یخ کردن

یخ کردن
yakh kardan
to freeze (with fear) / become ice-cold
verbB1
Quick Reference
YAKH-KARDAN
to freeze (with fear) / become ice-cold
B1 — Intermediate

What it means

یخ کردن (yakh kardan) is a compound verb made of یخ (yakh, ice) and کردن (kardan, to do or to become), the all-purpose Persian light verb. Both elements are native Persian: یخ descends from Proto-Iranian *Háyxam, from the Proto-Indo-European root *h₁eyH- (the same root that produced German Eis and English ice), and کردن is a pure Persian verb. The phrase means to freeze physically with cold, but far more often in everyday speech it means to freeze up with fear, shock, or sudden dread, like the English expressions “my blood ran cold” or “I froze.” A close synonym is ترسیدن (tarsidan, to be afraid), but یخ کردن specifically captures the physical sensation of being rooted to the spot.

How to use it

  • وقتی صدای انفجار رو شنیدم یخ کردم. (vaghti sedâ-ye enfejâr ro shenidam yakh kardam.) “When I heard the explosion I froze.”
  • از ترس یخ کرده بود و نمی‌تونست حرف بزنه. (az tars yakh karde bud o nemitunest harf bezane.) “He had frozen with fear and could not speak.”
  • دستام یخ کرده از این سرما. (dastâm yakh karde az in sarmâ.) “My hands have gone ice-cold from this cold.”
  • همه یخ کردن وقتی خبر رو شنیدن. (hame yakh kardan vaghti khabar ro shenidin.) “Everyone froze when they heard the news.”

Cultural note

Persian makes heavy use of body-temperature imagery to describe emotional states.

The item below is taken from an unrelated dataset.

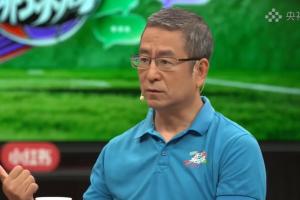 白岩松指出：西班牙三场淘汰赛中，神奇对方关键球员相继受伤退场，最终赢得胜利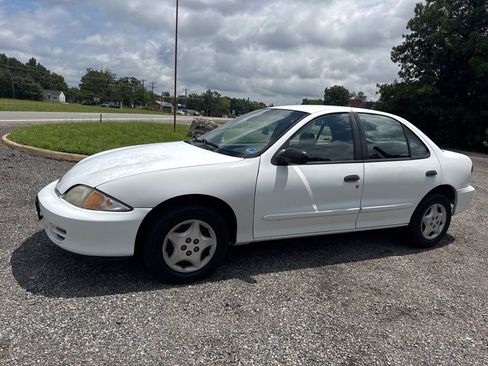 Used 2000 Chevrolet Cavalier Sedan FWD image 3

Phrases built around یخ (ice) and آتش (fire) form a natural pair in the language, with یخ کردن covering the cold end of shock, fear, and paralysis. The expression is fully at home in colloquial Tehran speech and is used by all age groups. The word یخ has been part of the Iranian language family since ancient times, sharing its ancestry with cognates across many Indo-European languages, which shows how deeply embedded this vocabulary is in the Persian-speaking world.